Ecco alcuni retroscena. Nel novembre 2016, subito dopo le elezioni, il Washington Post ha pubblicato un articolo intitolato “Lo sforzo di propaganda russo ha contribuito a diffondere ‘notizie false’ durante le elezioni, dicono gli esperti”. Lo scopo dell’articolo era di delegittimare la presidenza Trump come prodotto di una campagna di “disinformazione” russa.

“Non c’è modo di sapere se la campagna russa si sia rivelata decisiva per l’elezione di Trump, ma i ricercatori la descrivono come parte di una strategia ampiamente efficace per seminare sfiducia nella democrazia statunitense e nei suoi leader”, ha scritto Craig Timberg. L’implicazione era chiara: un’operazione russa ha eletto Donald Trump, non il popolo americano.

Tra gli “esperti” citati c’era un’organizzazione anonima chiamata “Prop Or Not”, che nelle sue stesse parole affermava di identificare “più di 200 siti web come venditori ambulanti di propaganda russa durante la stagione elettorale, con un pubblico combinato di almeno 15 milioni di americani .”

Il rapporto dell’organizzazione era così assurdo che il Washington Post è stato successivamente costretto a fornire un chiarimento, anche se il Post ha fornito un collegamento al rapporto che accusava falsamente testate giornalistiche indipendenti come Zero Hedge, Antiwar.com e persino il mio Ron Paul Institute come ” Disinformazione russa”.

L’articolo del Washington Post del 2016 presentava anche “l’esperto” Clint Watts, un ex ufficiale del controspionaggio dell’FBI che ha continuato a fondare un altro gruppo che affermava di dare la caccia alla “disinformazione russa” negli Stati Uniti, il progetto “Hamilton 68”. Quel progetto è stato lanciato dall’Alliance for Securing Democracy, un’organizzazione molto ben finanziata che contiene un who’s who dei migliori neocon come William Kristol, John Podesta, Michael McFaul e molti altri.

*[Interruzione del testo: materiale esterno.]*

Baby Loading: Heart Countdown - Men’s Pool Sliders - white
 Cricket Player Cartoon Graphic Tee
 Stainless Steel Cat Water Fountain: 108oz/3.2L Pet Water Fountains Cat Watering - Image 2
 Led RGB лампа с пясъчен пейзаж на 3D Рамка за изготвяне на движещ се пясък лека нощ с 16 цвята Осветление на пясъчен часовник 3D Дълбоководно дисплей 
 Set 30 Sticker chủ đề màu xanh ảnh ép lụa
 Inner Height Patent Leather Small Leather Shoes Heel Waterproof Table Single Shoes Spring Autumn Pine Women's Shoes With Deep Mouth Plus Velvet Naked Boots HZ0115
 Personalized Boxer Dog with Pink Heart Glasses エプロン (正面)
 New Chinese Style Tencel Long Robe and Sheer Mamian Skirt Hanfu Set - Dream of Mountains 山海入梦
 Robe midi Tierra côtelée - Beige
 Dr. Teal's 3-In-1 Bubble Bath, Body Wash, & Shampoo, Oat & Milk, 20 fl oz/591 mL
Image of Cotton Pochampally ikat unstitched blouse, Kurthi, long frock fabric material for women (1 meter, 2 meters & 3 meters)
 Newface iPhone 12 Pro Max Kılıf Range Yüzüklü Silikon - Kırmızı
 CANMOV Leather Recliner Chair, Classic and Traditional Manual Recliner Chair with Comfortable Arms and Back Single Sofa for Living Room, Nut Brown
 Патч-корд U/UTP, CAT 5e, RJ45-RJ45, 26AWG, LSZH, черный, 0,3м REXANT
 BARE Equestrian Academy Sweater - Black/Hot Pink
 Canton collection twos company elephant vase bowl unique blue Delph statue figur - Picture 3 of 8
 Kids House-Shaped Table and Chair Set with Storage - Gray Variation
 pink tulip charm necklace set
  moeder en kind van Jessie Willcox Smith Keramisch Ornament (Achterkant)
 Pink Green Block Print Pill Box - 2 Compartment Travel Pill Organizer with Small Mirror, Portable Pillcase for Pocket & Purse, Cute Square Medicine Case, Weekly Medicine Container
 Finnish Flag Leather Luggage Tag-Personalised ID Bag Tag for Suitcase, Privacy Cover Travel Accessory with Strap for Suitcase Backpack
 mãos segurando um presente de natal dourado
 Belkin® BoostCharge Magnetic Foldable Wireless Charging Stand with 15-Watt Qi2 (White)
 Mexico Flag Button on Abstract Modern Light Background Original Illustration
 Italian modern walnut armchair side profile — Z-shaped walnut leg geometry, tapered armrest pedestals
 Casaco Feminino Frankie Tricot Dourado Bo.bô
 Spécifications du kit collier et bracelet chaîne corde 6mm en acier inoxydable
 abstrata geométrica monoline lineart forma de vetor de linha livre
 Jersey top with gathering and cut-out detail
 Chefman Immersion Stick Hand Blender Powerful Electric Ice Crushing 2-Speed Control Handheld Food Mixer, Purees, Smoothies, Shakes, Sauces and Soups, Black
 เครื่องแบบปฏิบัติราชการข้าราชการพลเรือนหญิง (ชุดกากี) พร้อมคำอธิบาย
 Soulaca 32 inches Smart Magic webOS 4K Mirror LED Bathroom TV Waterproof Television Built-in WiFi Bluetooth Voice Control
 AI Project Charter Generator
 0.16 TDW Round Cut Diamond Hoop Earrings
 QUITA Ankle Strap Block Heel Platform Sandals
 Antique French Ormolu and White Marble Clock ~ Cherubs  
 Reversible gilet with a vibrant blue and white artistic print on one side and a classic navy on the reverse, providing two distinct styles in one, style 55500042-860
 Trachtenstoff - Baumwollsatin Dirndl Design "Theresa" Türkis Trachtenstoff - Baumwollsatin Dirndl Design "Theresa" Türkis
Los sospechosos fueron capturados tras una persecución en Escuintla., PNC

Grazie all’ultima versione dei “Twitter Files”, Matt Taibbi rivela che il progetto Hamilton 68, che affermava di monitorare 600 account Twitter di “disinformazione russa”, era una bufala totale. Mentre si sono rifiutati di rivelare quali account hanno monitorato e non hanno rivelato la loro metodologia, Twitter è stato in grado di utilizzare il reverse engineering per determinare i circa 600 account “collegati alla Russia”. Twitter ha scoperto che, nonostante le affermazioni di Hamilton, la stragrande maggioranza di questi account “russi” parlava inglese. Degli account registrati in Russia – solo 36 su 644 – la maggior parte erano dipendenti del notiziario russo RT.

Era tutta una bugia e l’ultima versione di Twitter Files conferma che anche i dipendenti di Twitter pre-Musk “svegliati” potevano sentire l’odore di un topo. Ma la bufala serviva a uno scopo importante. Nascondendosi dietro l’anonimato, questa organizzazione neocon è stata in grado di generare centinaia di articoli sui media che calunniavano e diffamavano organizzazioni e individui perfettamente legittimi definendoli “agenti russi”. Ha fornito un modo molto conveniente per demonizzare chiunque non fosse d’accordo con la narrativa neocon approvata.

Il nuovo proprietario di Twitter, che ci ha dato uno sguardo dietro le quinte, lo ha messo meglio in un Tweet durante il fine settimana: “Un gruppo americano ha fatto false affermazioni sull’interferenza elettorale russa per interferire con le elezioni americane”.

L’intera bufala della “disinformazione russa” è stata uno scioccante ritorno al maccartismo degli anni ’50 e per certi versi anche peggiore. Fare elenchi di individui e organizzazioni no profit americane da prendere di mira e “cancellare” perché pagati da stranieri è spregevole. Tali azioni fraudolente hanno causato danni nella vita reale che devono essere affrontati.

Questo articolo è apparso per la prima volta su RonPaulInstitute.org.